2) The graph of an odd function is symmetric with respect to which of the following?
a) the x-axis
b) the y-axis
c) the line y=x
d) none of these

Thanks

In both case I agree. In 1) the function is odd and therefore symmetric about the origin

In 2)again an odd function is symmetric about the origin, so none of the above

Definition of Odd Function

A function with a graph that is symmetric with respect to the origin. A function is odd if and only if f(–x) = –f(x).

Oops, forgot to mention that the answer for problem 2 is d.

You're welcome! And for the second question, the answer is a) the x-axis. The graph of an odd function is like that one friend who always keeps you grounded - unconditionally symmetric with respect to the x-axis.

To determine the symmetry of a graph with respect to a specific line or axis, you have to consider the equation or the characteristics of the function.

1) For the equation y = x^3 - x, we can analyze it to determine its symmetry. Since the function contains both an odd (x^3) and an even (-x) term, we need to evaluate its symmetry separately for the x-axis and the y-axis.

To determine symmetry with respect to the x-axis, we substitute -x for x in the equation and check if it remains the same:
y = (-x)^3 - (-x)
y = -x^3 + x
This equation is not the same as the original equation (y = x^3 - x). Therefore, the graph is not symmetric with respect to the x-axis (option a).

To determine symmetry with respect to the y-axis, we replace x with -x in the equation and check if it remains the same:
y = (-x)^3 - (-x)
y = -x^3 + x
By comparing this equation to the original equation, we can see that they are equivalent. Therefore, the graph is symmetric with respect to the y-axis (option b) since all points (x, y) on the graph have corresponding points (-x, y) on the opposite side.

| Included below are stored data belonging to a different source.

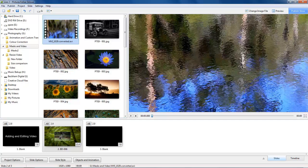However, the one factor that is still vitally important is the file size of our presentation. We can create a 2 minute slideshow with HD resolution still images and have a file size of well under 10MB. But just one minute of HD video could well be over 300MB.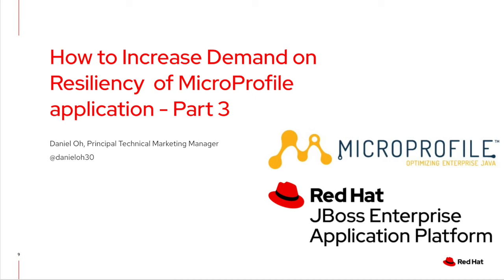Hello everybody, welcome back to another technical tutorial and demo. In this video, I'll showcase how to increase demand on resiliency of a MicroProfile application.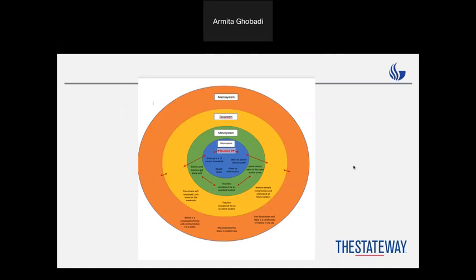Last semester, I was teaching this course online and I asked everyone to draw that model for themselves. Here is one good example from one of my students. He was growing up in a really big household — 13 people, some of them cousins. He was raised Hindu. For those who don't know, the majority of Hindu followers are vegetarian, so even their diet is controlled by their religion. We know that a healthy diet can bring a healthy mind, so diet and religion can influence a person's development.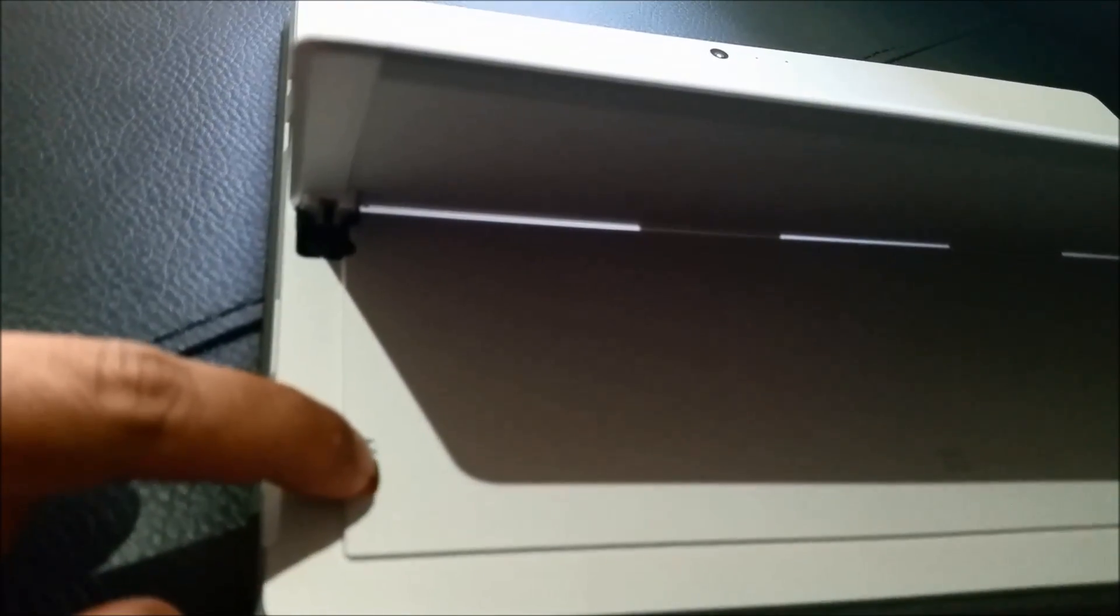There, push it in. You should hear a clicking noise. If you need to take out the micro SD, just push in again and you'll hear the clicking noise.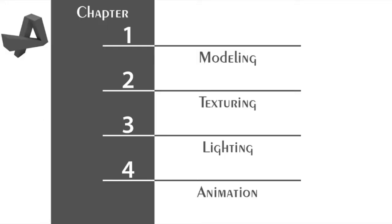As you can see, in this course we are going to cover four chapters: Chapter 1 - Modeling, Chapter 2 - Texturing, Chapter 3 - Lighting, and Chapter 4 - Animation. I'm not going to teach you rendering in separate chapters, but you are going to learn rendering throughout the course in each chapter.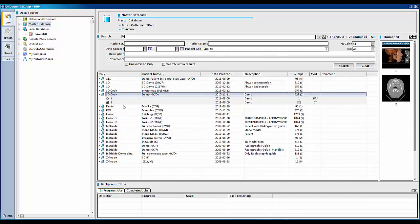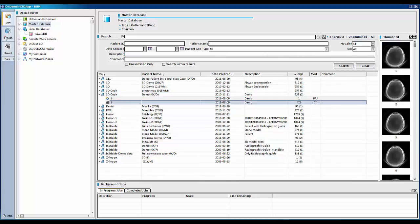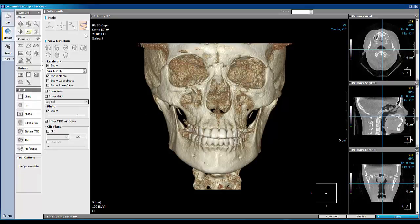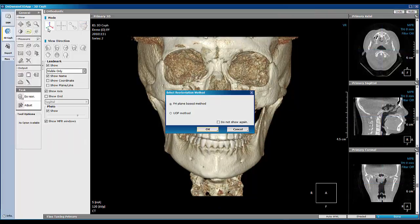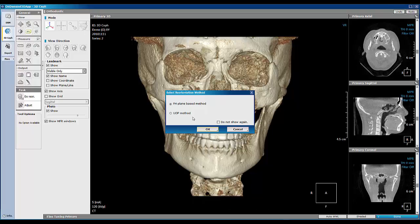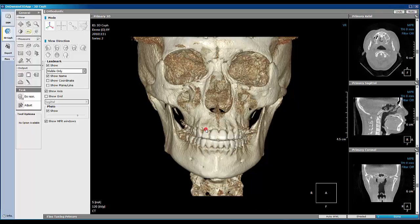First, select the study data from DBM and load the data with the 3DSaf module. Perform reorientation of data using initial landmark points. Select your preferred orientation method in the dialog — FH plane-based method or UOP method. In this case, I will choose FH plane-based method, then press OK to start.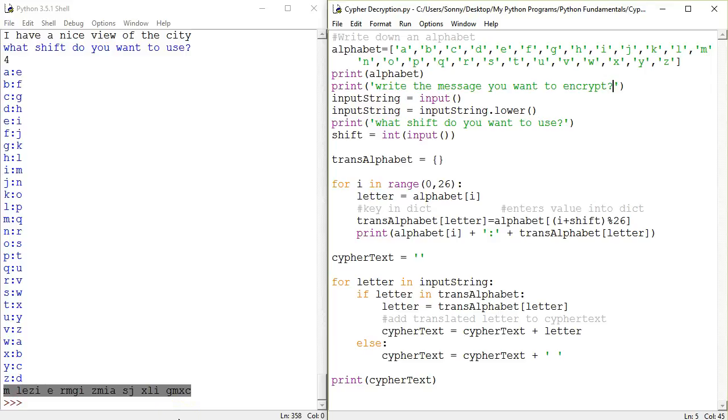Hello and welcome. This is our final tutorial in Python fundamentals and here we're going to try to figure out something quite interesting. We have previously created a program that encrypts messages using a Caesar cipher. So we're going to have a look at that and we're going to restructure it.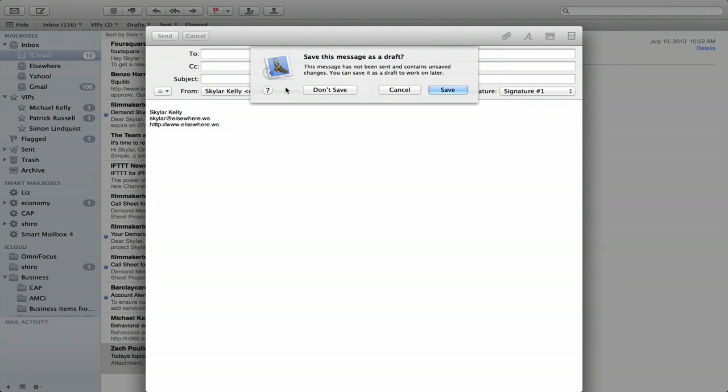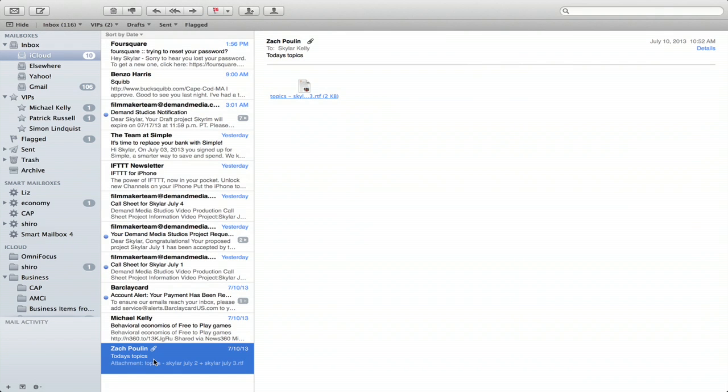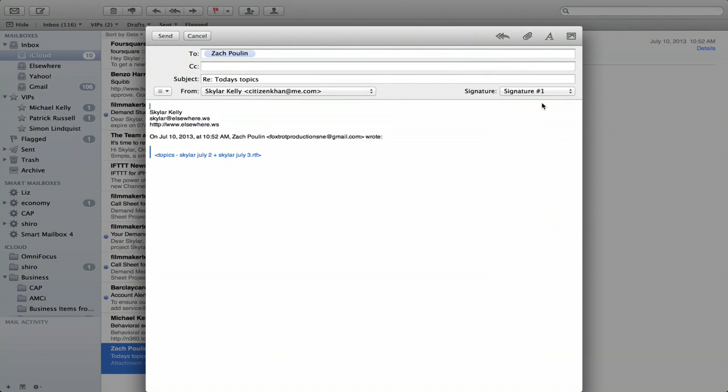You can do the same thing for a reply. So here's a message from Zach and I'll reply to it and add my signature. There we go.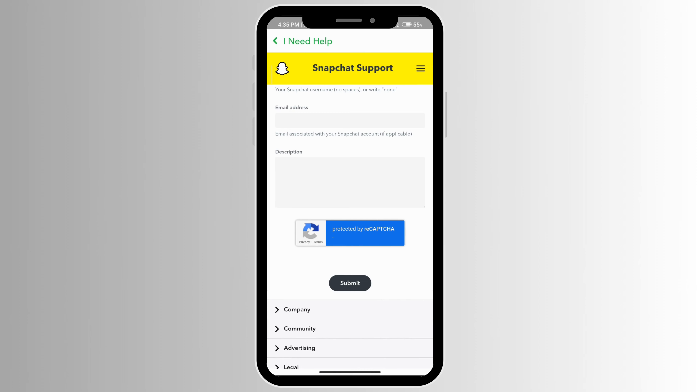You should then get a response. That is how to recover Snapchat My Eyes Only photos.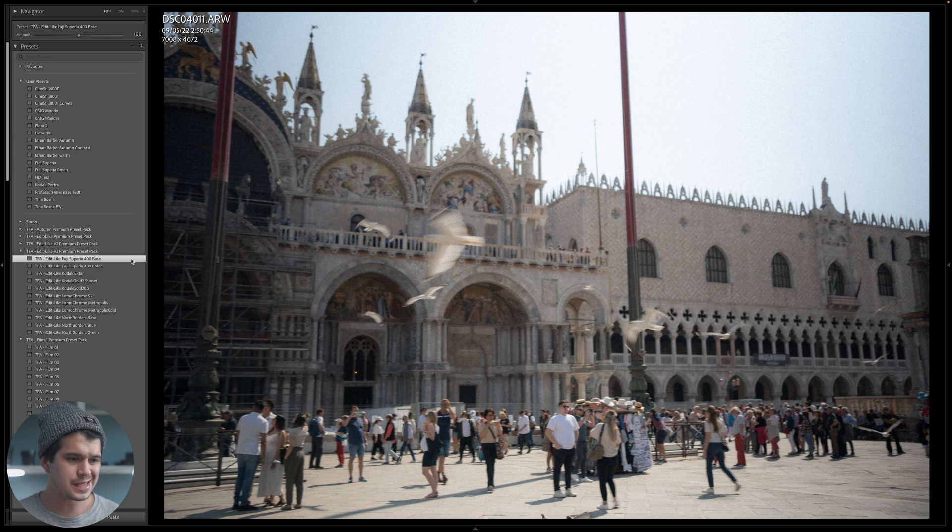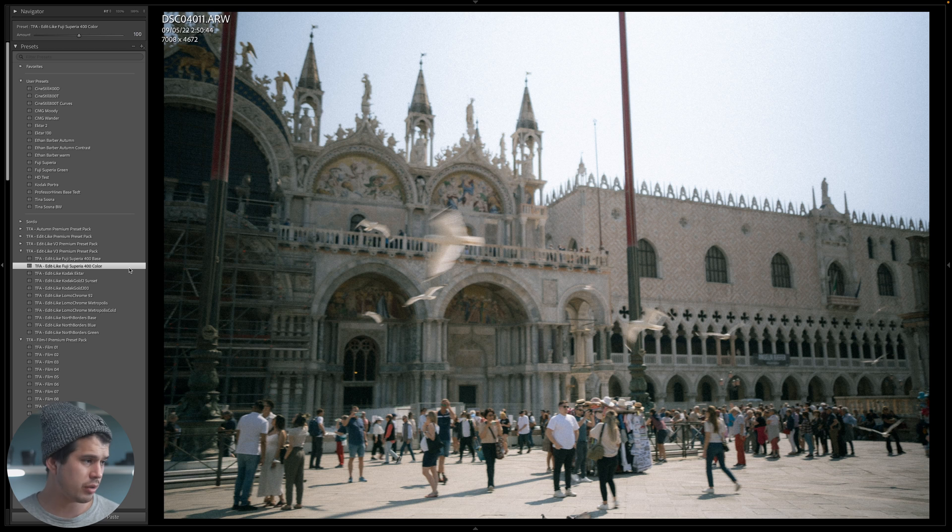The base preset adds the typical analog contrast and dynamic range, and the color variant adds the classic Fuji colors — it looks fantastic. That's how I would achieve the Fuji Superia colors in digital photography. I hope you gained some knowledge from this video. If you did, please press the like button, subscribe, and share it with a friend. The presets and LUTs created today are in the Edit Like Preset Pack V3, the Analog Preset Pack, and the Edit Like LUT Pack V3 — link up in my shop. Cheers, and I'll see you in the next one.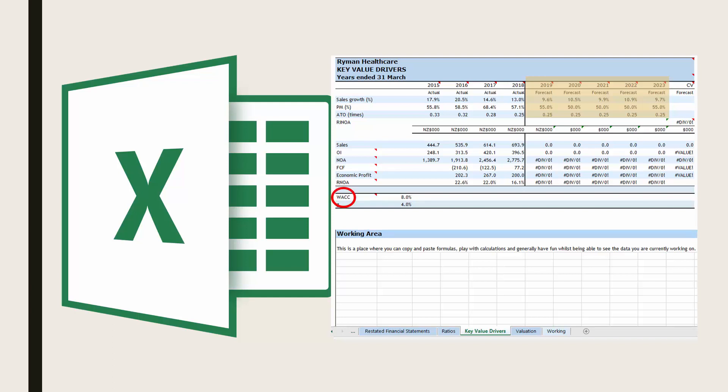You also need to enter in a figure for weighted average cost of capital for your firm. You can use 8% unless you have reasons for using a different figure, which reasons you can include in your assignment.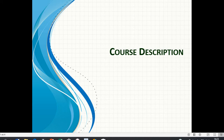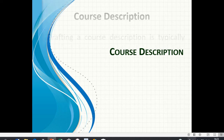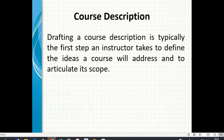Course Description. Drafting a course description is typically the first step an instructor takes to define the ideas a course will address and to articulate its scope.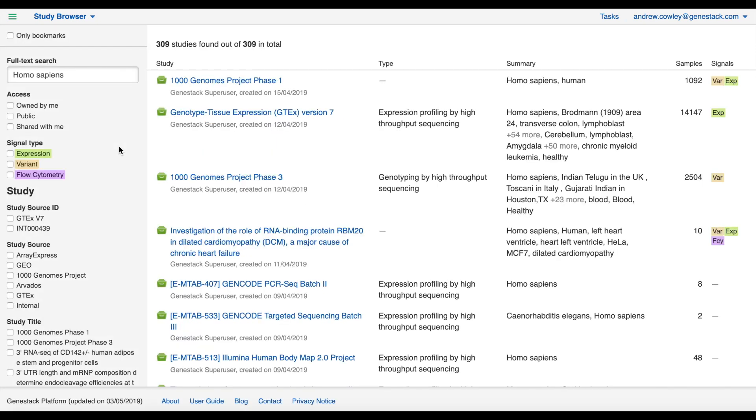Exactly which metadata fields are available as search facets is determined by something called templates, which is also how we specify which metadata we expect to see for a given type of omics data and which controlled vocabularies or ontology should apply to that field. But more about that in another tutorial.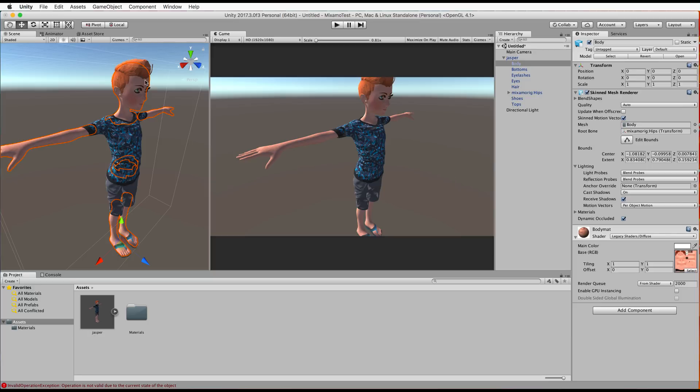And you can pick the one that works the best and that gets rid of that sort of inside out look that you might get on some things that you've brought into Unity.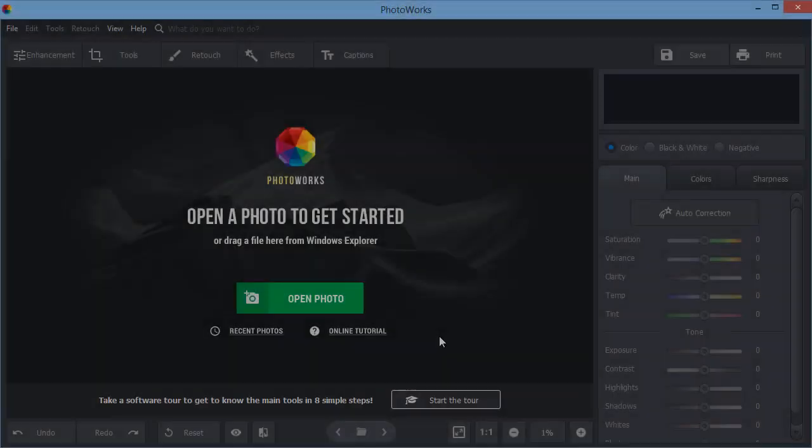Want to change faces on your photos? In this video, we will show you how to do a face swap on PC with PhotoWorks.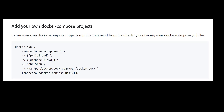Add your own Docker Compose projects. To use your own Docker Compose projects, run this command from the directory containing your Docker Compose YAML files.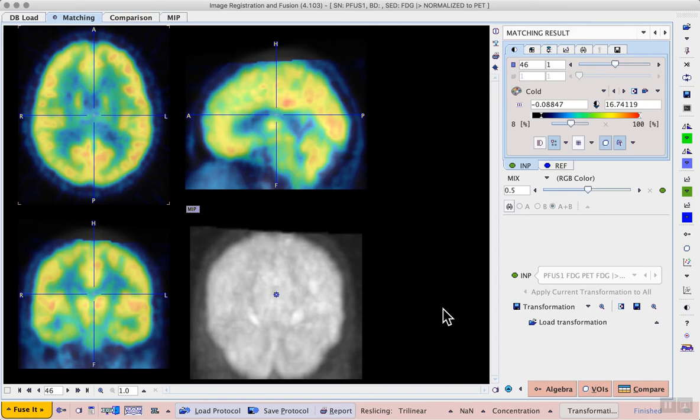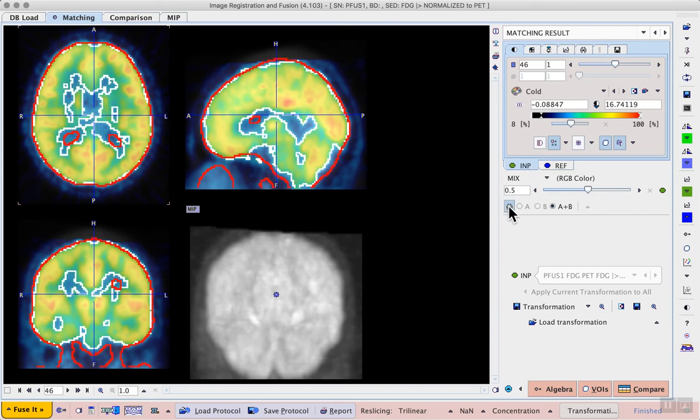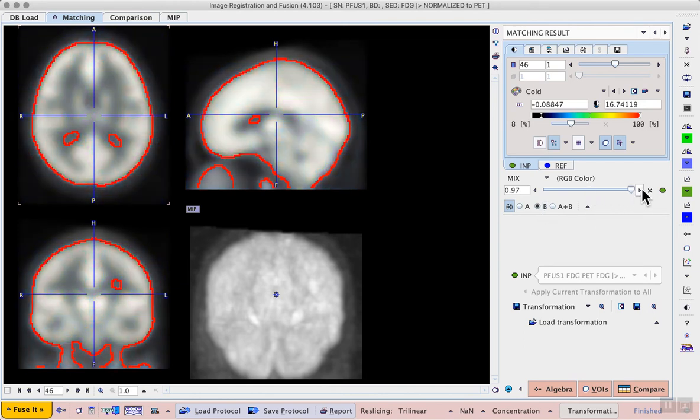So on the matching result page the result can be easily assessed by displaying contours for the template and using the fusion controls as before. From the lower part of the fusion controls we can turn on contouring which initially shows contours for both A and B so for the input and the reference. If we select only B then we see only a contour for our template. If we use the fusion slider we can see how that contour corresponds to the template.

To determine symmetry with respect to the origin, we substitute -x for x and -y for y in the given equation:
-y = (-x)^3 - (-x)
-y = -x^3 + x
Rearranging the equation gives us:
y = x^3 - x
This equation is the same as the original equation. Therefore, the graph is symmetric with respect to the origin (option c) since all points (x, y) have corresponding points (-x, -y) on the opposite side.

Hence, the correct answer is option c: the origin.

2) For an odd function, its graph is symmetric with respect to the origin. This is because odd functions satisfy the property f(-x) = -f(x), which means that for any point (x, y) on the graph, the point (-x, -y) will also be on the graph. This symmetry occurs only if we reflect the graph about the origin.

Therefore, the correct answer is option d: none of these, as the graph of an odd function is not symmetric with respect to the x-axis, y-axis, or the line y = x.

I hope this explanation helps! Let me know if you have any further questions.